PA: GOP pension plan would give incentive for current workers to leave state system
All new employees would be forced into 401(k)-style system
By Eric Boehm | PA Independent
HARRISBURG — A group of Republican lawmakers want to move all future state employees into a new pension system as a way to stop the increasing unfunded liability that is becoming a lead weight around Pennsylvania's budgetary neck.
The proposal is contained in House Bills 2452 and 2453, which state Rep. Warren Kampf, R-Chester,introduced Tuesday in the state House, will not reduce the unfunded liability in the state's two major pension systems, but promises long-term savings by moving employees out of the unsustainable pension systems.

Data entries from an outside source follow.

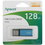 Память USB Flash 128 ГБ Apacer AH25C [AP128GAH25CU-1]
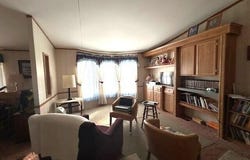 1690 S Lower Boulder Rd, Boulder, UT 84716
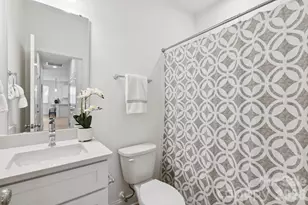 1420 N Charlotte Ave, Monroe, NC 28110 - Photo 20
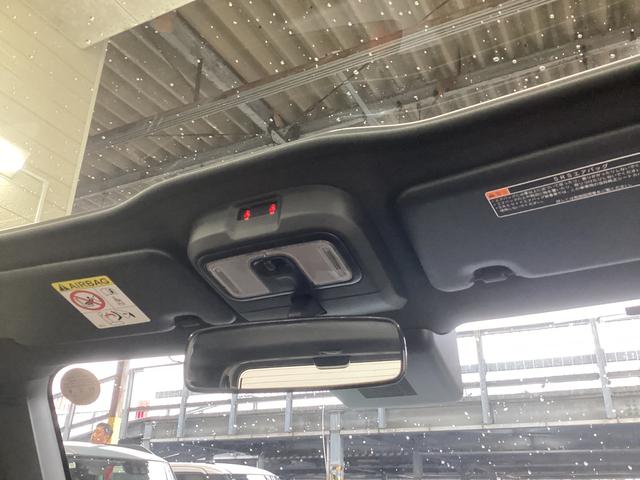 タフトＸ衝突被害軽減ブレーキ　横滑り防止装置　オートハイビーム　アイドリングストップ　ステアリングスイッチ　オートライト　キーフリーシステム　オートエアコン　パノラマカメラ　マット　バイザー（岐阜県）の中古車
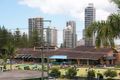 Property photo of 14/19-21 Armrick Avenue Broadbeach QLD 4218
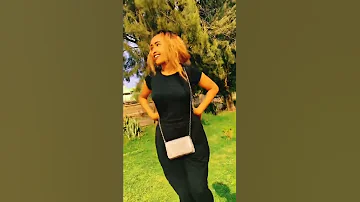 Keekiyyaa Badhaadhaa Bunee Ethiopian Oromo Music 2022 Kekiya Bedhadha Bune Official Video 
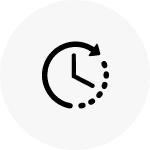 online ico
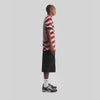 Nike USMNT 2026 Stadium Home Men's Dri-FIT Soccer Replica Jersey - Sail/Midnight Navy/Midnight Navy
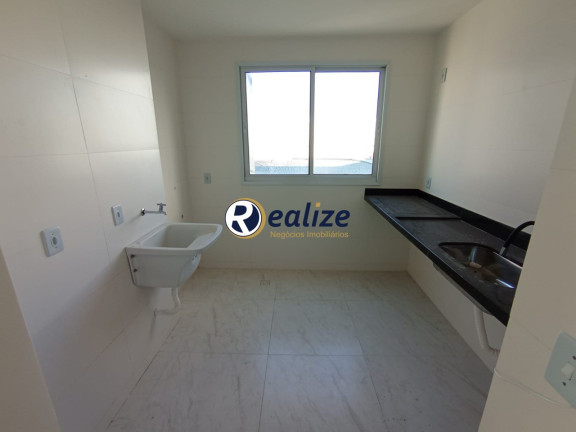 Imagem Imóvel com 2 Quartos à Venda, 85 m² em Praia Do Morro - Guarapari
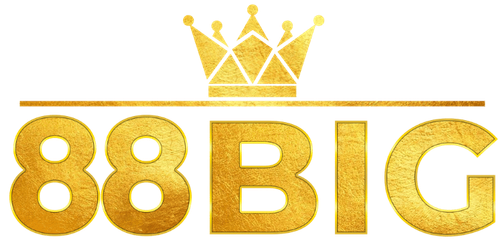 88big logo.png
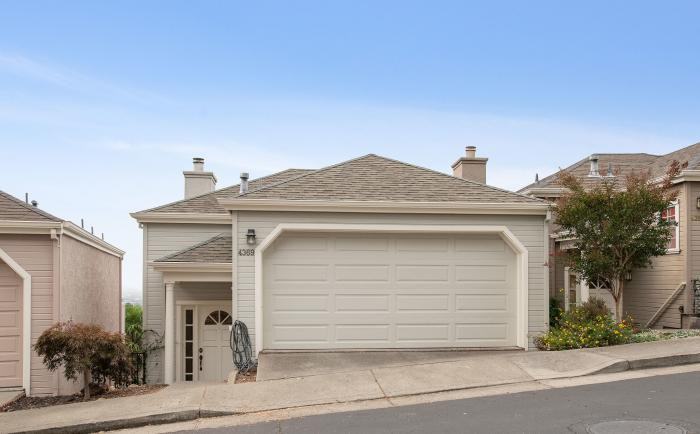 4369 Terrabella Way - Photo 2 of 50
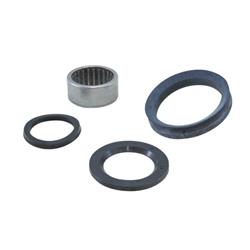 Outlaw Racing OR251474 Wheel Bearing and Seal Kit 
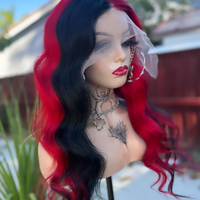 HARLEY QUINN - Thumbnail 5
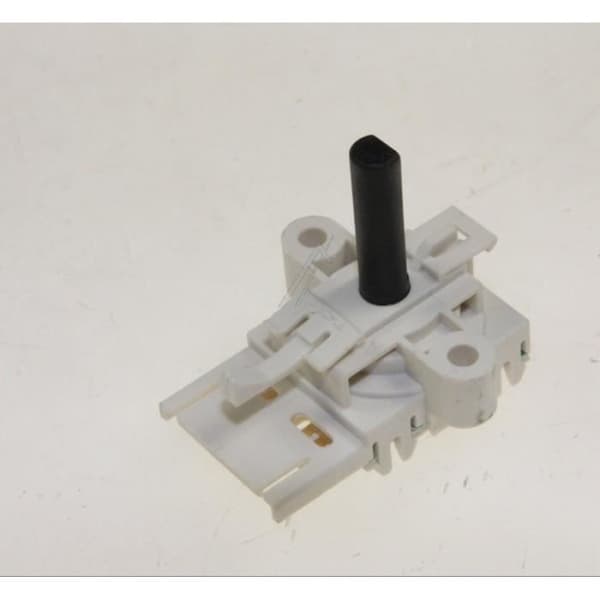 Ugnsbrytare för BRANDT ugn 4074105 - * 70X1610 SFP929W1 SAUTER FP1052B1(BRANDT) 70X1610 - BVMParts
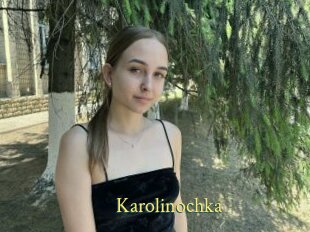 Karolinochka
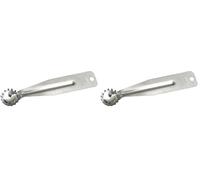 Tellier Louis N3078 Equeuteur à Tomates (Lot de 2)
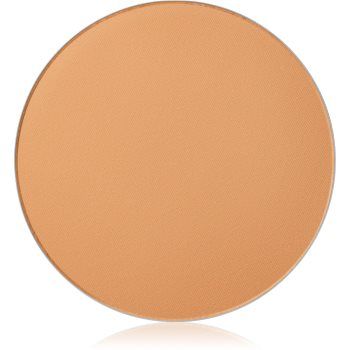 MAC Cosmetics Studio Fix Powder Plus Foundation pudra make up mata rezervă
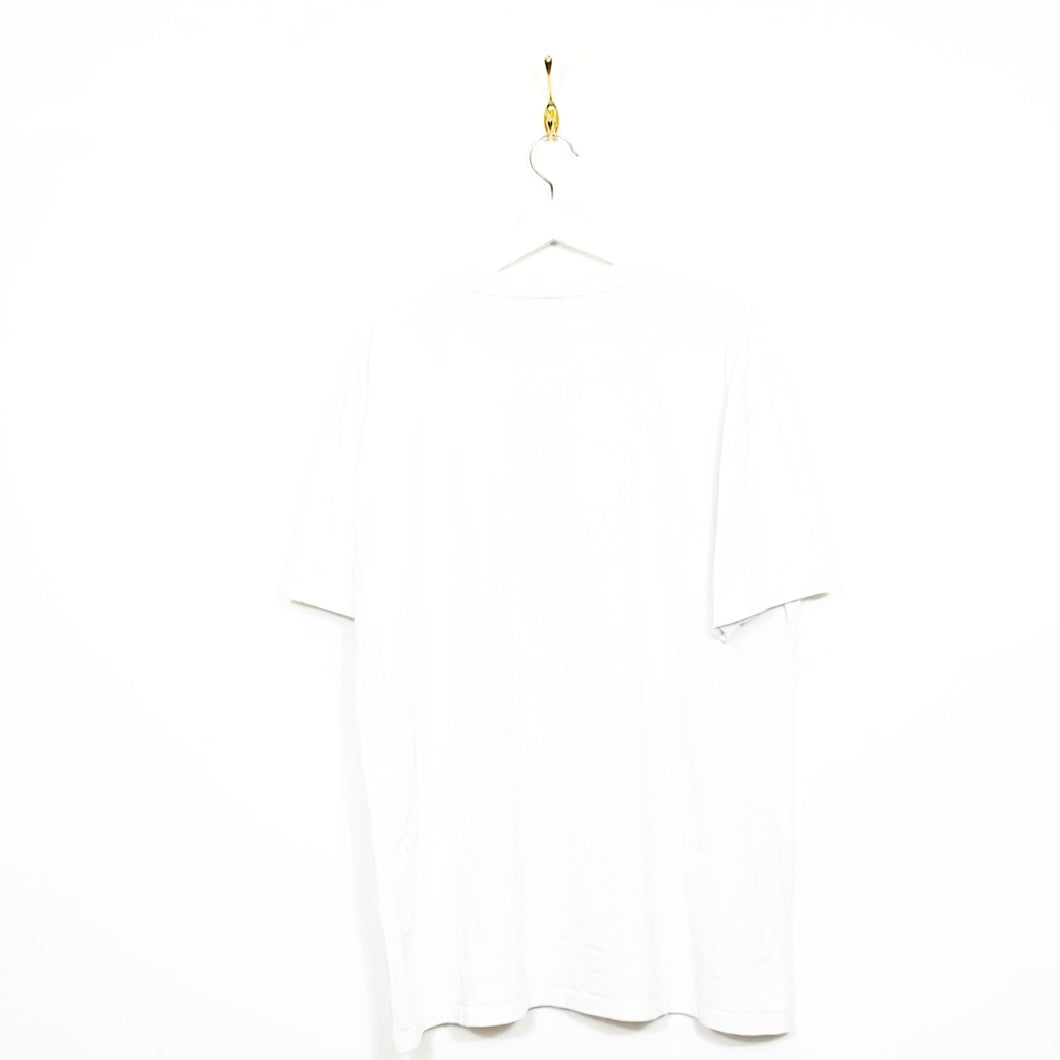 T-Shirt Obey Vintage [XL]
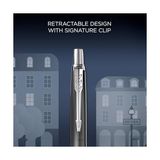 Storemax Jotter Se Paris Gri Ct Tükenmez Kalem - 0 - --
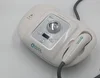 2017 latest RF+Cooling+ electroporation multifunction facial machine 3 in 1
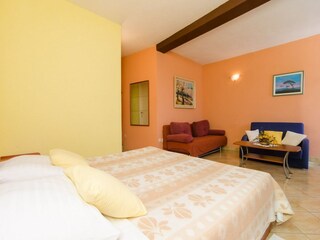 Apartment Dubrovnik  31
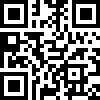 https://hawzahnews.com/xdMYB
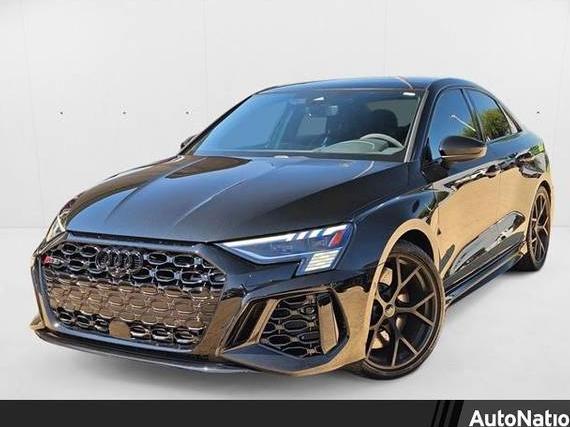 AUDI RS3 2024 WUAG4DGYXRA907418 image AUDI RS3 2024 WUAG4DGYXRA907418 image
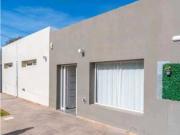 Venta propiedad Bahía Blanca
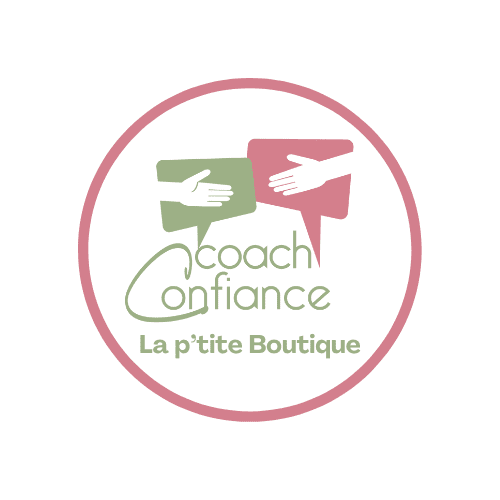 Logos des trois activités.zip - 2.PNG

Taken together, the State Employees Retirement System and Public School Employees Retirement System are facing nearly $40 billion in unfunded liabilities, and contributions to the systems by the state and school districts will nearly triple in the next four years — from $1.6 billion to $4 billion.
According to the bill, all new employees would be entered into a defined contribution plan, similar to 401(k) plans used in the private sector where each employee can make their own decisions about investing and saving for retirement.
In place of the current system that determines pension benefits based on a formula of years worked and final highest salary, all employees would receive a 4 percent employer contribution to a retirement account and would have to make at least a 4 percent contribution on their own.
Existing employees would not be required to give up the defined benefit system, but if they voluntarily moved to the new plan, they would receive a 7 percent employer contribution as an incentive.
However, stopping new employees from enrolling in the current pension system would at least prevent that liability from growing larger — as long as the state makes mandatory contributions to the system and investment returns hit their expected 7.5 percent annual rate of return for investments, which some say are too rosy to be realistic.
Opponents warned that few employees — except for those who are relatively new to the defined benefit system — would opt for the defined contribution system and those who did and accepted the 7 percent contribution from employers would represent an addition cost.
David Fillman, executive director of American Federation of State, County and Municipal Employees Council 13, a union which represents some state government workers, said taking workers out of the current system would reduce the number of people paying toward the unfunded liability, actually making the pension crisis worse.
“This sounds even worse than just putting all new employees into a defined contribution plan,” he said.
Kampf said the proposal would reduce long-term costs in the system by getting workers out of it, but exact figures have not been calculated.
StateRep. Kate Harper, R-Montgomery, who supports Kampf’s plan, said it would help balance the budget.